In recent years, a once-dominant Spartans team had been cut adrift, but the team looks poised to make a comeback. After winning three games on the bounce, one a tour de force against a ranked Miami (FL) team last Saturday, Michigan State has entered the AP Top 25 once more, and looks to emerge from the packed Big Ten East.

A game against a quietly resurgent team like the Huskers may be the perfect opportunity for Michigan State to begin its march through the rest of the season, with only Big Ten play ahead of it.

Here’s some players to watch for Saturday evening’s matchup:

Kenneth Walker III, RB:

Junior running back Kenneth Walker III is Michigan State’s maestro on the field, and provides a unique challenge to Nebraska’s defensive setup.

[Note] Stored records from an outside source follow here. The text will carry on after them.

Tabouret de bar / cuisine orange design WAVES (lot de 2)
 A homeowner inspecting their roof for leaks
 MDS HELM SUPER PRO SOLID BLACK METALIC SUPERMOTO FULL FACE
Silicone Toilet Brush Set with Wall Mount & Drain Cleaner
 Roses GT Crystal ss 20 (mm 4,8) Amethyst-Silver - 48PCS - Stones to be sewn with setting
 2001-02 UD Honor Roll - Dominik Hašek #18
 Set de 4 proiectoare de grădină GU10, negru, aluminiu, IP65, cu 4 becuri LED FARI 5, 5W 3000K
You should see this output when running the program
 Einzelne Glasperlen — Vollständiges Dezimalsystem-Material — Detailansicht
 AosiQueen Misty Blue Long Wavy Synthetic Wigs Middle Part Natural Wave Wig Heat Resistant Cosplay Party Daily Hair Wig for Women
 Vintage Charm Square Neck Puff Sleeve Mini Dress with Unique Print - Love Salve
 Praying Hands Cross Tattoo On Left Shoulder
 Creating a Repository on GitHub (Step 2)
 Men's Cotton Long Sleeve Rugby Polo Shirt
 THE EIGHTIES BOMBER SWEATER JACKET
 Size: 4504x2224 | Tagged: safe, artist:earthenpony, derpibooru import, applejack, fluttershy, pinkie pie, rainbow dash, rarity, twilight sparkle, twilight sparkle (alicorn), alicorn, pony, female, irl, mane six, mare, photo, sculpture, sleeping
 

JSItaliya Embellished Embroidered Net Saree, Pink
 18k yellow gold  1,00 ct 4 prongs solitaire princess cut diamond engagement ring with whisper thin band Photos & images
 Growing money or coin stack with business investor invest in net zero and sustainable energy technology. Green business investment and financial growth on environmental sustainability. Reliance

Over 57 rushing attempts in the season thus far, Walker III is averaging 8.6 yards per carry. He has managed five touchdowns rushing, while also notching a receiving touchdown. Against Miami, he managed 6.4 average yards on 27 carries in total.

The Wake Forest transfer is a superstar, and also exactly the kind of player who may be able to crack the Nebraska defense. Against Oklahoma, the Huskers thrived on a defensive scheme which prevented the team’s air raid offense from flourishing, but in response, the Sooners presented a developed run game. This proved problematic for Nebraska, with junior running back Eric Gray managing 5.6 yards per carry on 15 carries.

Nebraska defense’s strength so far this season has been primarily tactical, for one, but also rests in its secondary and linebacking crew. Comparatively, the defensive line has been serviceable and broadly mistake-free, but against the strength of Walker III, the crew faces its greatest threat.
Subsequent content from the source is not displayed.